The input:
---

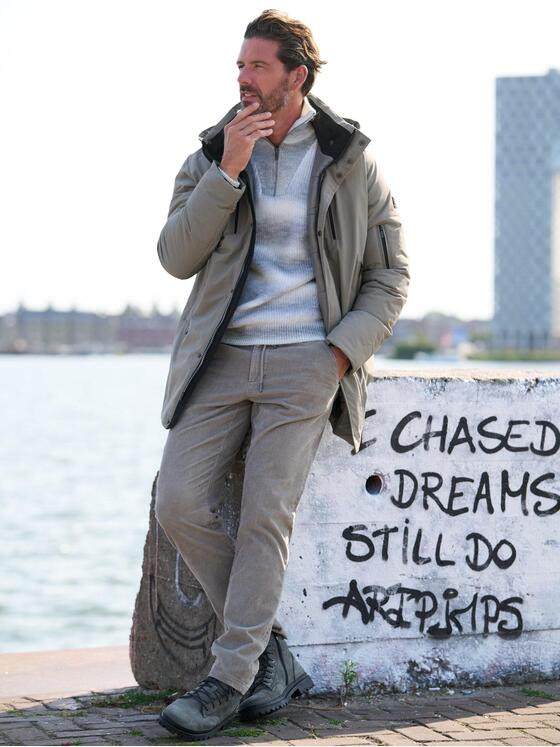 emilio adani Herren Jacke mit unterlegtem Reißverschluss Braunbeige 39379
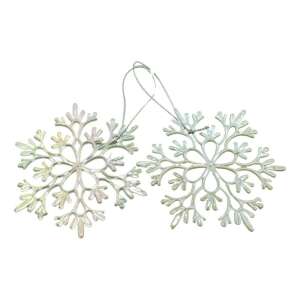 Ornament brad de Craciun, Perlat, in forma de Fulg de nea, 10 cm x 10 cm, Plastic, KipHome 107621961 - Decorațiuni pentru pomul de Crăciun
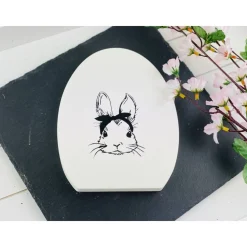 Osterei aus Keraflott – Beplottet mit Hasen oder Spruch für deine Osterdeko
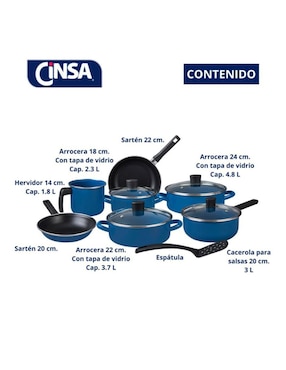 Batería de cocina Cinsa Austria de peltre pesado antiadherente convencional 12 piezas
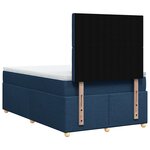 vidaXL Sommier à lattes de lit avec matelas bleu 120x190 cm tissu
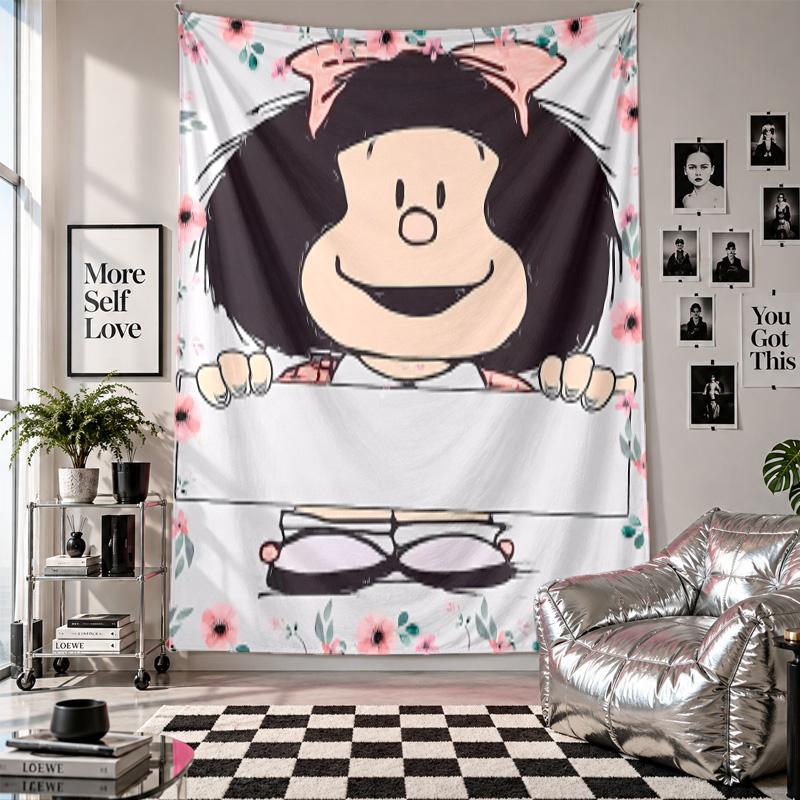 Wall TapestryMafalda Art Hanging Cloth Decorative Background Cover for Room Decoration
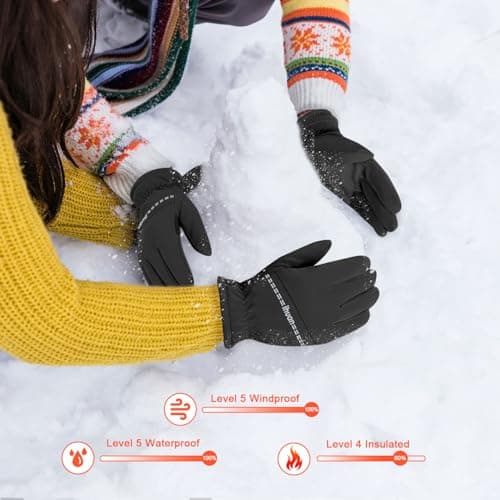 ihuan Winter Waterproof Gloves Ski for Women Men, Cold Weather Warm Thermal Touchscreen Snow Gloves for Running Cycling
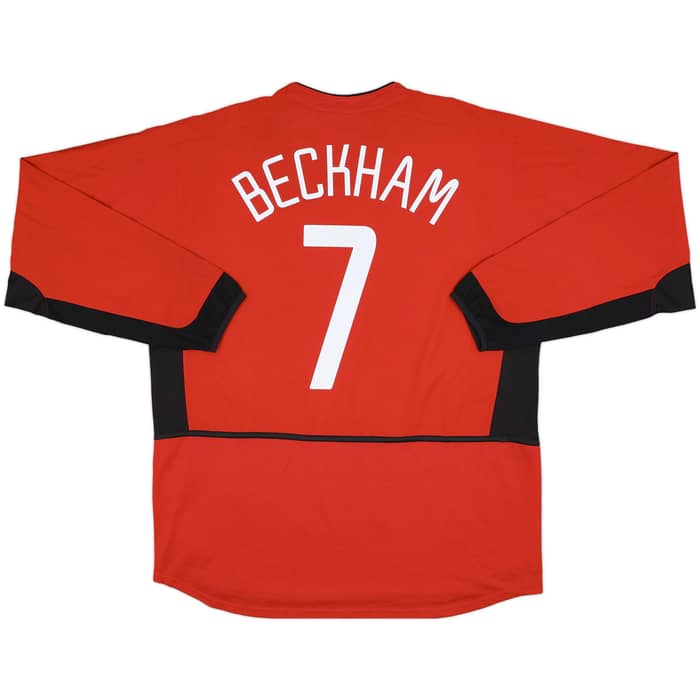 2002-04 Manchester United Home L/S Shirt Beckham #7 - 8/10 - (XL)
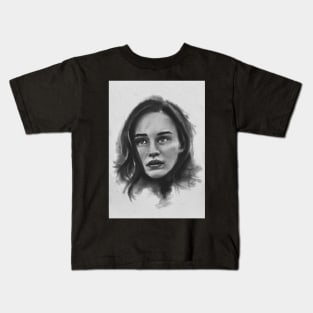 charcoal drawing of a woman Kids T-Shirt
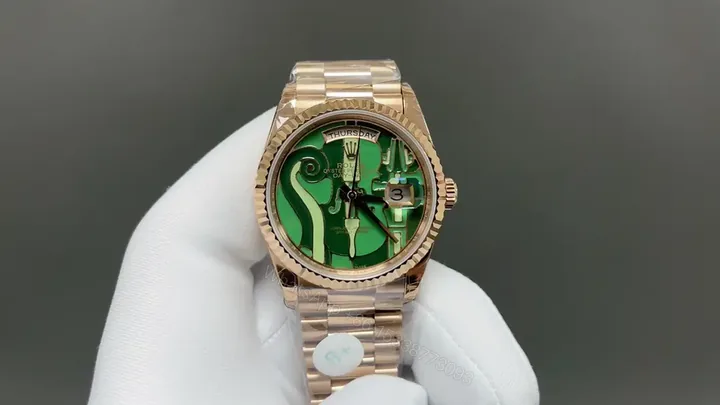 View 1 of Rolex Day-Date Violin Dial Vienna Philharmonic Green Edition Rose Gold Green Pattern Bracelet 36mm RLX-DD-VIO-GRN36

---

Exercise directions: The answer must restate every entry word for word, with the pictures left out.

Task solution:
 emilio adani Herren Jacke mit unterlegtem Reißverschluss Braunbeige 39379
 Ornament brad de Craciun, Perlat, in forma de Fulg de nea, 10 cm x 10 cm, Plastic, KipHome 107621961 - Decorațiuni pentru pomul de Crăciun
 Osterei aus Keraflott – Beplottet mit Hasen oder Spruch für deine Osterdeko
 Batería de cocina Cinsa Austria de peltre pesado antiadherente convencional 12 piezas
 vidaXL Sommier à lattes de lit avec matelas bleu 120x190 cm tissu
 Wall TapestryMafalda Art Hanging Cloth Decorative Background Cover for Room Decoration
 ihuan Winter Waterproof Gloves Ski for Women Men, Cold Weather Warm Thermal Touchscreen Snow Gloves for Running Cycling
 2002-04 Manchester United Home L/S Shirt Beckham #7 - 8/10 - (XL)
 charcoal drawing of a woman Kids T-Shirt
 View 1 of Rolex Day-Date Violin Dial Vienna Philharmonic Green Edition Rose Gold Green Pattern Bracelet 36mm RLX-DD-VIO-GRN36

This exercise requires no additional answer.